> Your instructions
Each line of the material below needs to be returned exactly as written.

> Information provided
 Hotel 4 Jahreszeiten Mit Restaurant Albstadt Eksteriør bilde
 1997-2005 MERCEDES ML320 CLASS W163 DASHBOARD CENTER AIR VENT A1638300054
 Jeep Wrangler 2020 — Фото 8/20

> Solution below
 Hotel 4 Jahreszeiten Mit Restaurant Albstadt Eksteriør bilde
 1997-2005 MERCEDES ML320 CLASS W163 DASHBOARD CENTER AIR VENT A1638300054
 Jeep Wrangler 2020 — Фото 8/20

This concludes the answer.